Content starts
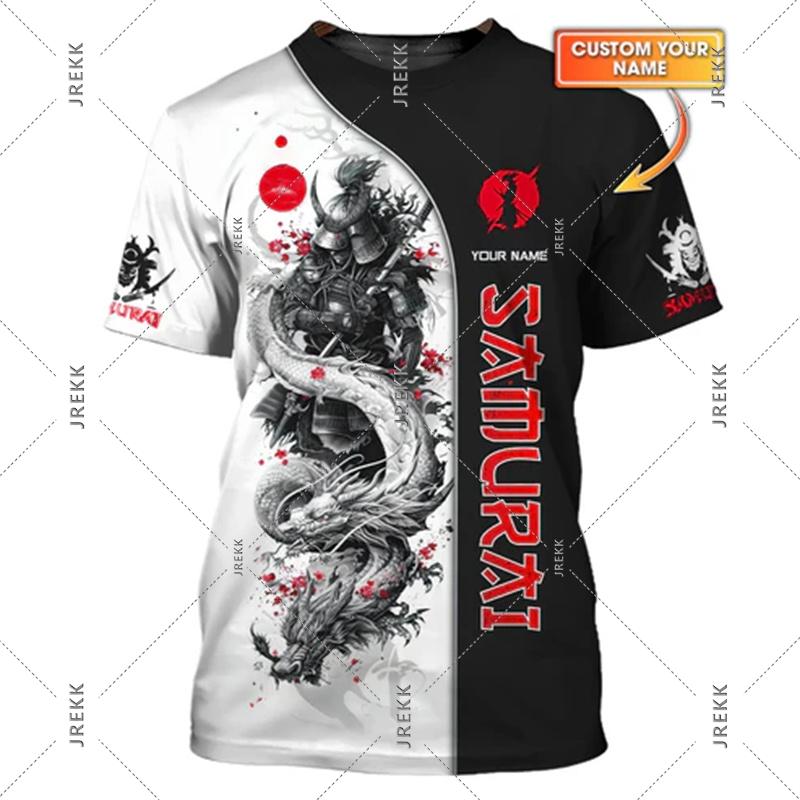 Japanese Samurai Armor Mask Print T-shirt For Men Harajuku Street Custom Name T Shirts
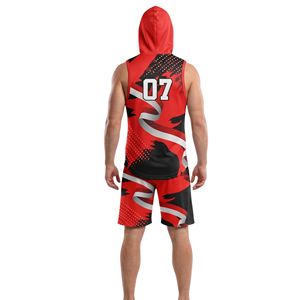 Ensembles d'entraînement de football en polyester et élasthanne, gilet à capuche et short de match sublimé 7v7, vente en gros - Product Image 2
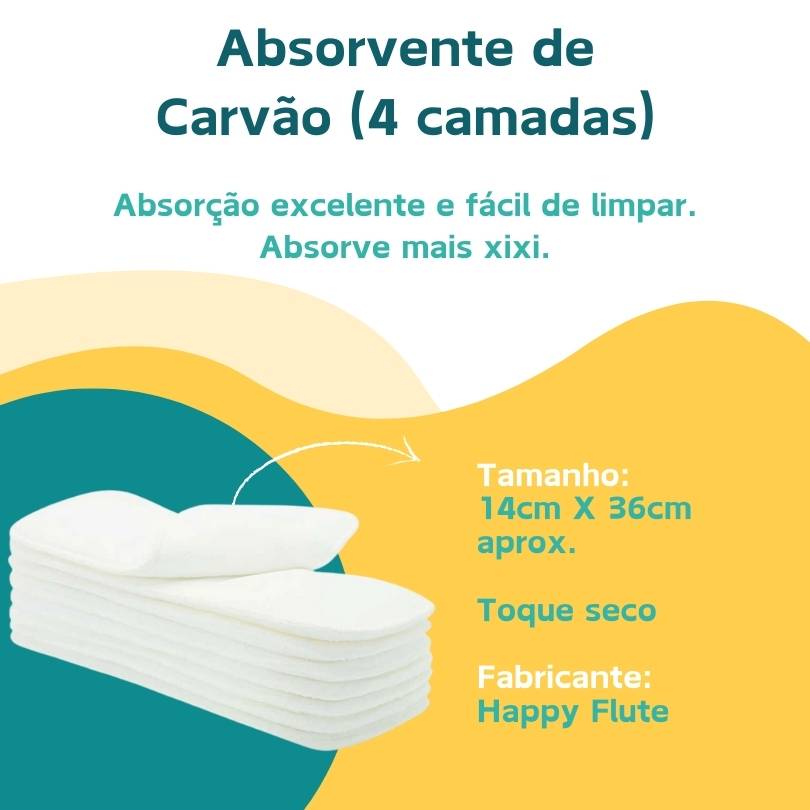 Kit Enxoval 32 Fraldas Ecológicas Happy Flute + 40 Absorventes + Sacola Impermeável + Liner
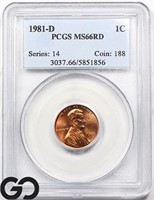1981-D Lincoln Memorial Cent, PCGS MS66 RD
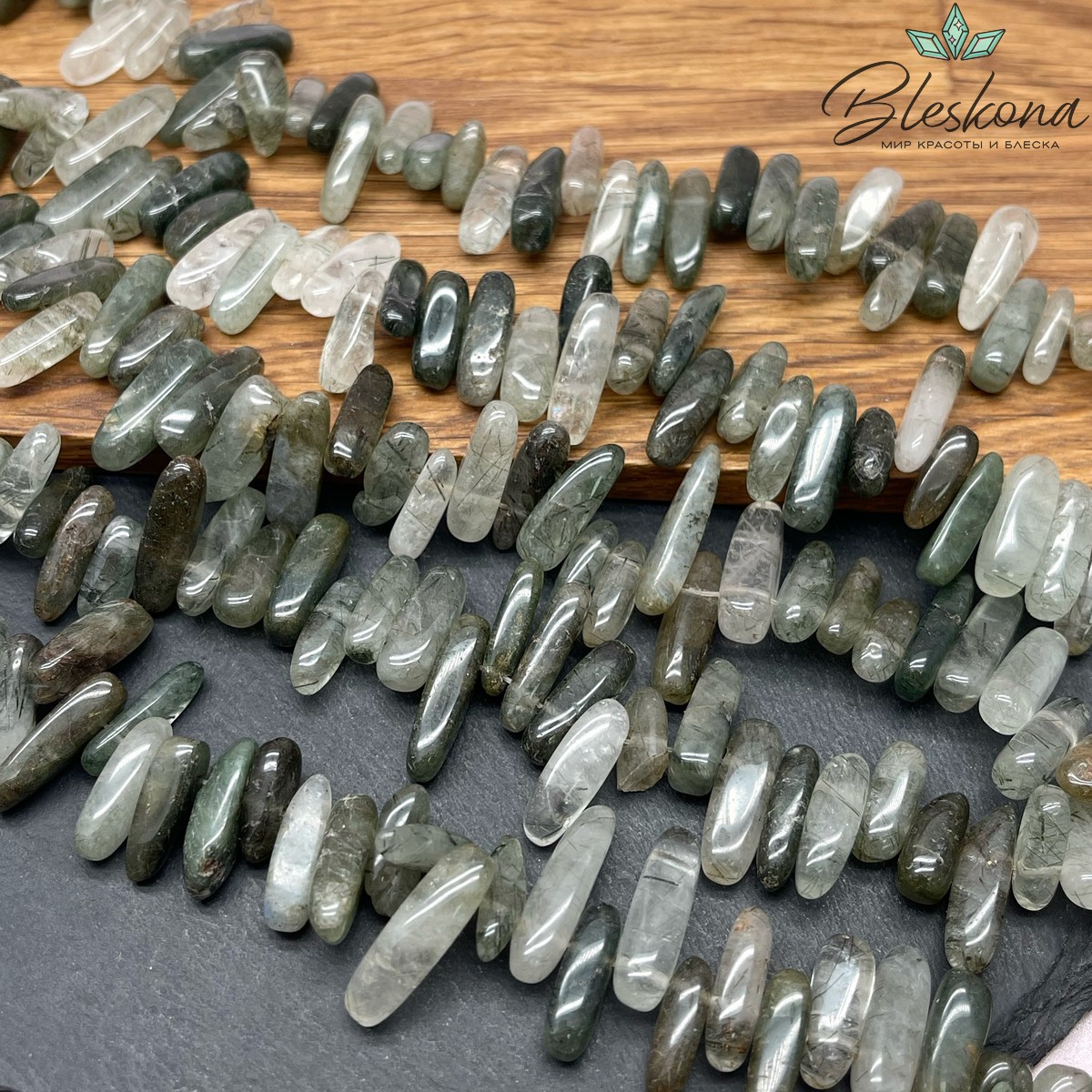 Кварц Рутиловый зеленый сколы шлифованные №6 10-19 мм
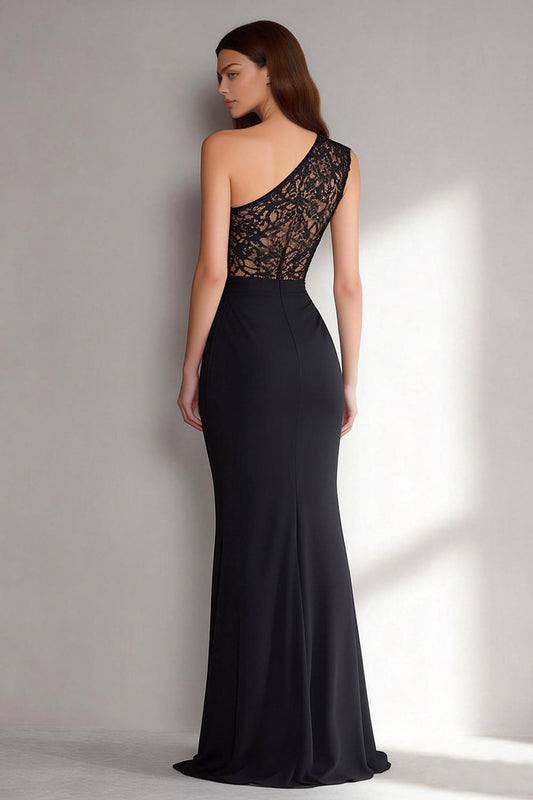Black Mermaid One Shoulder Lace Long Formal Dress with Slit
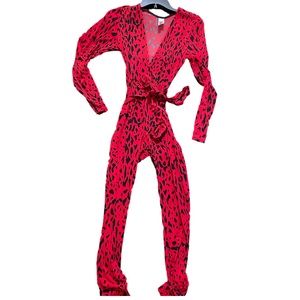 Red and black leopard print plunge V neck bodysuit.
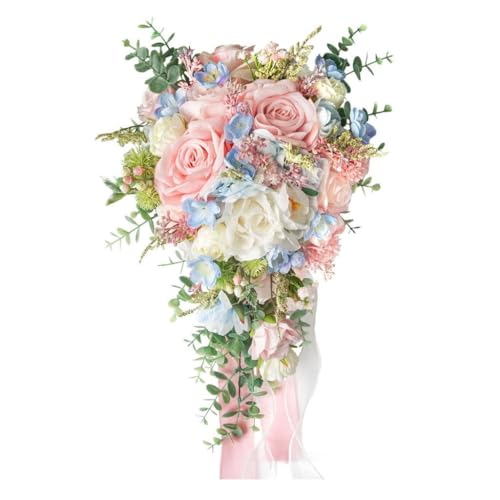 Amagogo Bridal flower arrangement, artificial flowers, cascading bridal arrangement in teardrop shape, silk flowers for bride and bridesmaids, ribbon handle decoration.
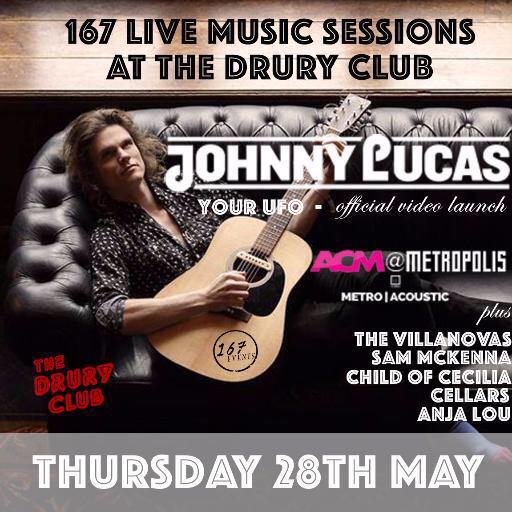 emmabartpr's tweet photo. So excited about the @johnnylucaschat #video #launch @TheDruryClub on 28 May in collab w/ @MetroAcoustic #167Live ππ http://t.co/1uW3ldcVrk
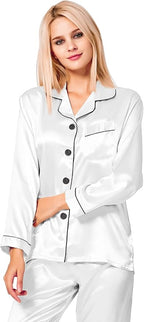 SWOMOG Womens Silk Satin Pajamas Set Long Sleeve Button Down Sleepwear 2 Piece Lounge Set Pj Set XS-3XL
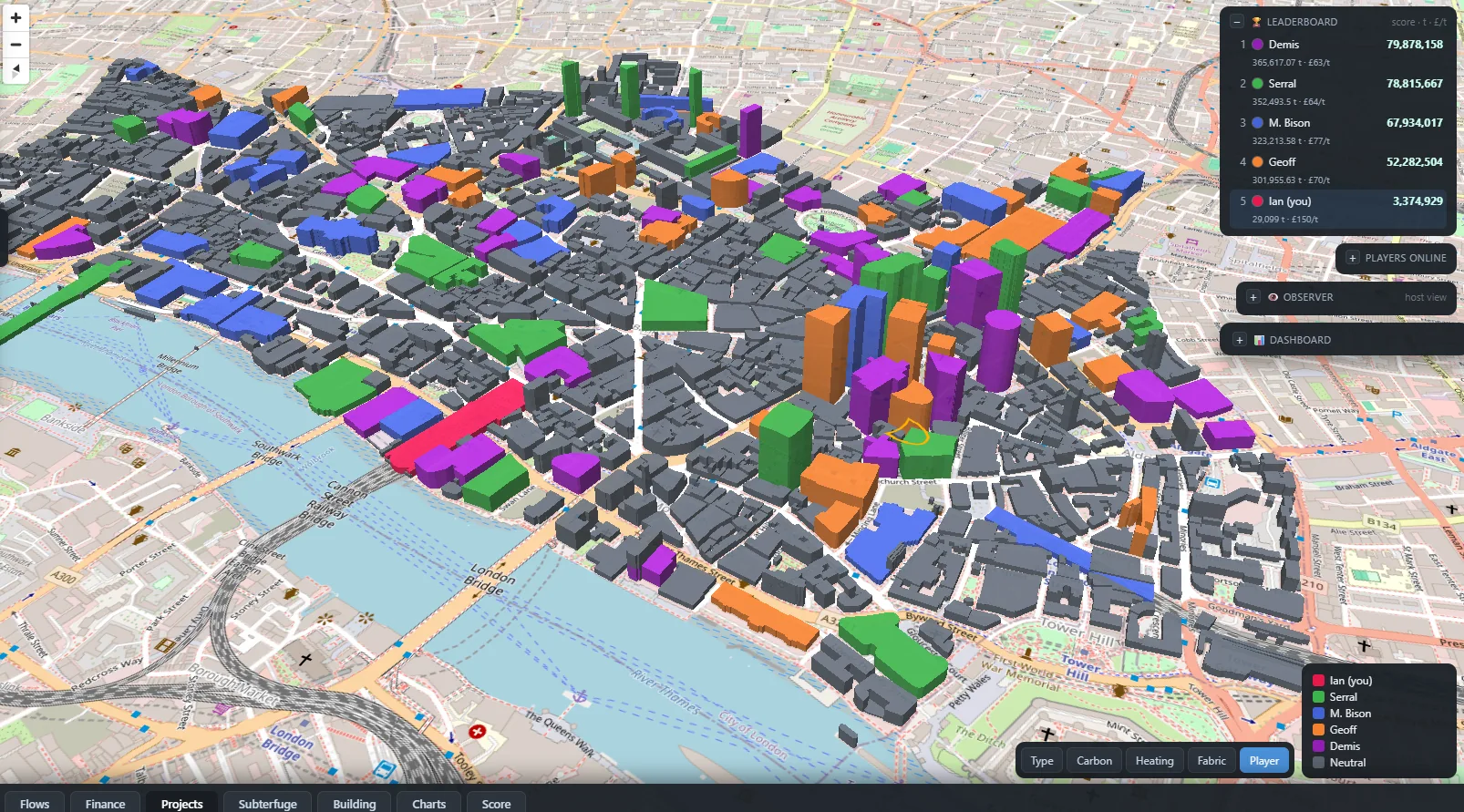 The decarbonisation game in progress: a 3D City of London where each building is coloured by the player who retrofitted it, five players' territories in green, blue, orange, purple and red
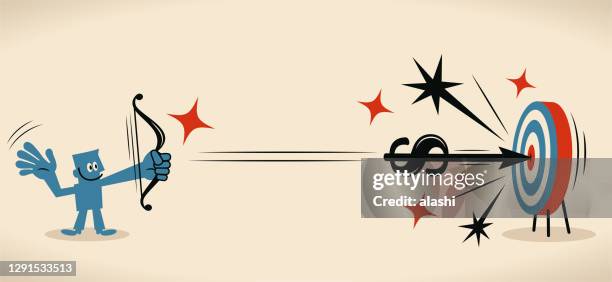 smiling man (archer) shooting a us dollar sign arrow at bull's-eye of the target (goal, dartboard) - bow arrow stock illustrations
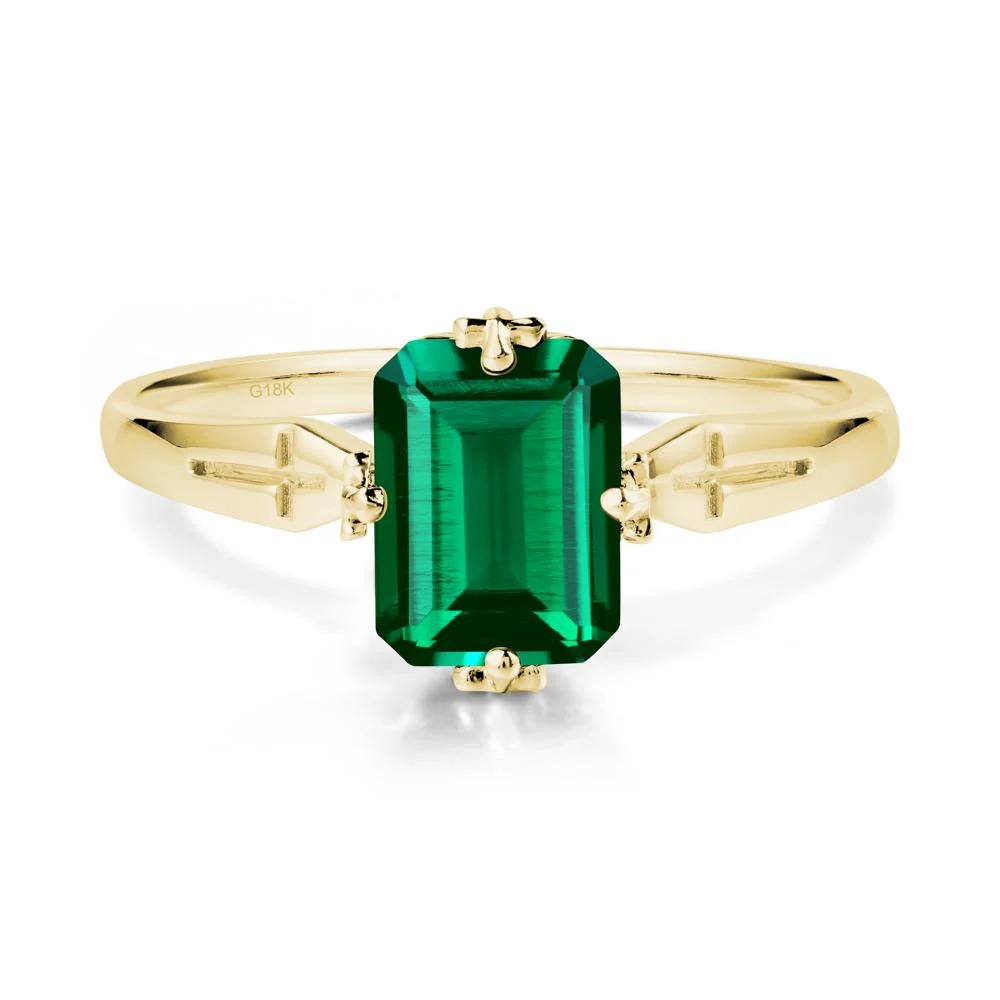 Solitaire Emerald Gothic Cross Ring - Image 6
Content ends
What is needed is an exact copy of the data, without any pictures.

 Japanese Samurai Armor Mask Print T-shirt For Men Harajuku Street Custom Name T Shirts
 Ensembles d'entraînement de football en polyester et élasthanne, gilet à capuche et short de match sublimé 7v7, vente en gros - Product Image 2
 Kit Enxoval 32 Fraldas Ecológicas Happy Flute + 40 Absorventes + Sacola Impermeável + Liner
1981-D Lincoln Memorial Cent, PCGS MS66 RD
 Кварц Рутиловый зеленый сколы шлифованные №6 10-19 мм
Black Mermaid One Shoulder Lace Long Formal Dress with Slit
 Red and black leopard print plunge V neck bodysuit.
 Amagogo Bridal flower arrangement, artificial flowers, cascading bridal arrangement in teardrop shape, silk flowers for bride and bridesmaids, ribbon handle decoration.
 emmabartpr's tweet photo. So excited about the @johnnylucaschat #video #launch @TheDruryClub on 28 May in collab w/ @MetroAcoustic #167Live ππ http://t.co/1uW3ldcVrk
 SWOMOG Womens Silk Satin Pajamas Set Long Sleeve Button Down Sleepwear 2 Piece Lounge Set Pj Set XS-3XL
 The decarbonisation game in progress: a 3D City of London where each building is coloured by the player who retrofitted it, five players' territories in green, blue, orange, purple and red
 smiling man (archer) shooting a us dollar sign arrow at bull's-eye of the target (goal, dartboard) - bow arrow stock illustrations
 Solitaire Emerald Gothic Cross Ring - Image 6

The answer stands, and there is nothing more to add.